● DATA EXTRACTS
========
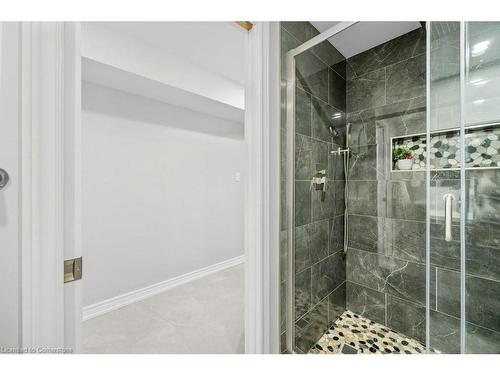 1108 Queensdale Avenue E, Hamilton, ON - Indoor Photo Showing Bathroom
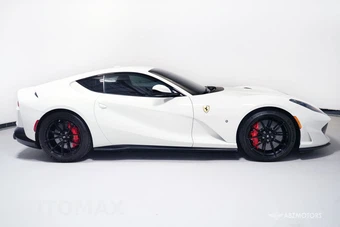 2019 Ferrari 812 Superfast - miniatura 3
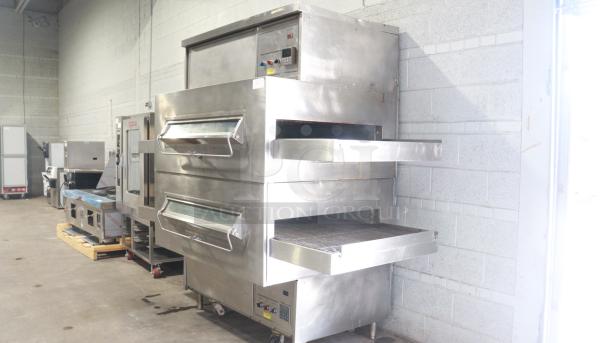 MIDDLEBY MARSHALL PS360Q natural gas pizza oven, stainless steel, single-phase, used condition. Model PS360Q.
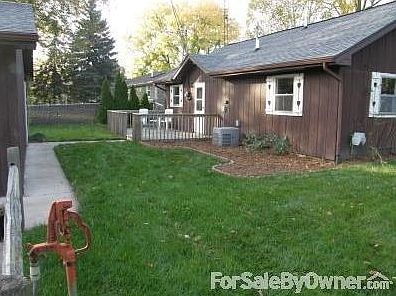 2nd image of 601 Cedarwood Dr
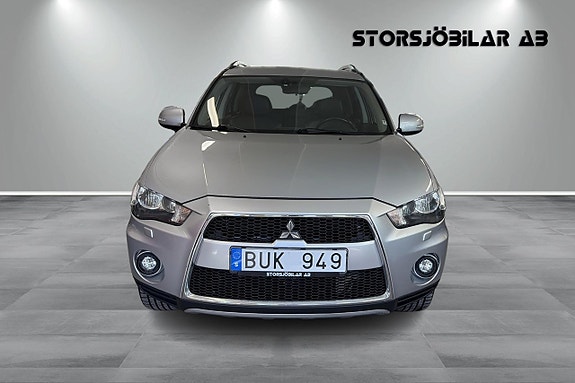 Mitsubishi Outlander 8 of 18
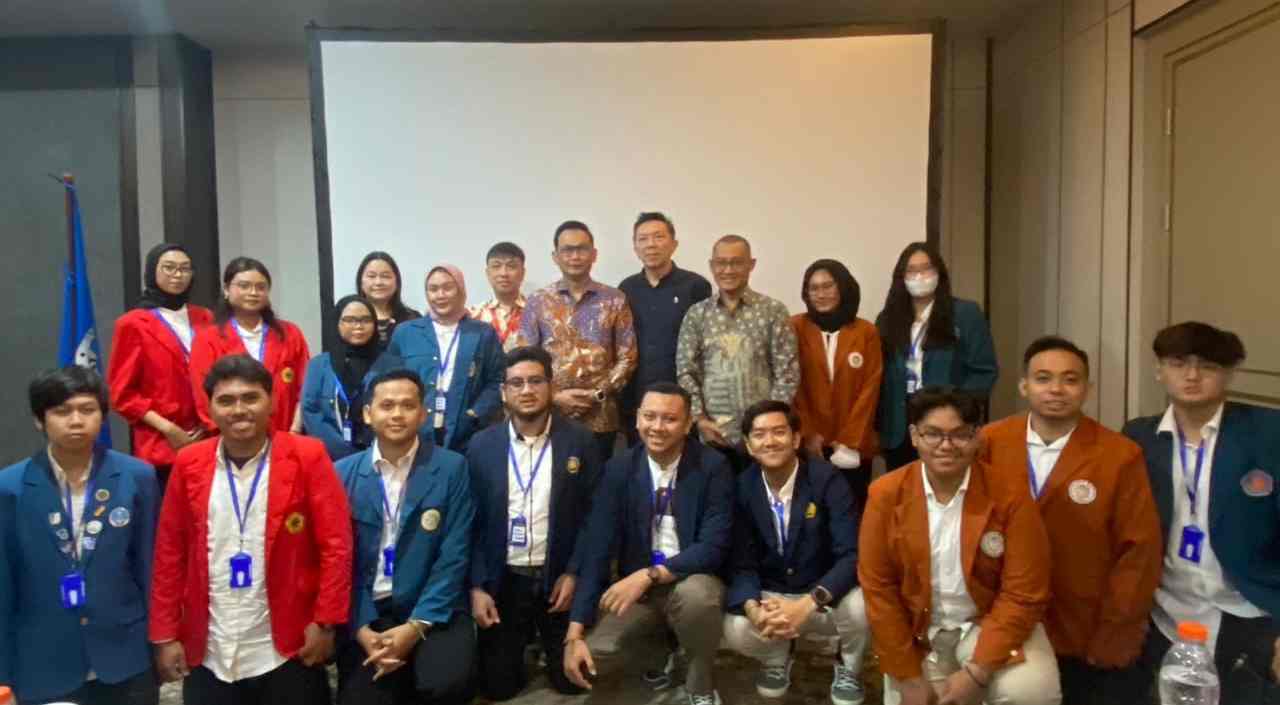 Petra dan KAD Gelar Diskusi Anti Korupsi Bersama Mahasiswa di Surabaya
========
● REQUIRED ACTION
The response must restate exactly the lines from the one containing "MIDDLEBY MARSHALL PS360Q" through the end of the records above and must leave out all pictures.

● TASK ANSWER
 MIDDLEBY MARSHALL PS360Q natural gas pizza oven, stainless steel, single-phase, used condition. Model PS360Q.
 2nd image of 601 Cedarwood Dr
 Mitsubishi Outlander 8 of 18
 Petra dan KAD Gelar Diskusi Anti Korupsi Bersama Mahasiswa di Surabaya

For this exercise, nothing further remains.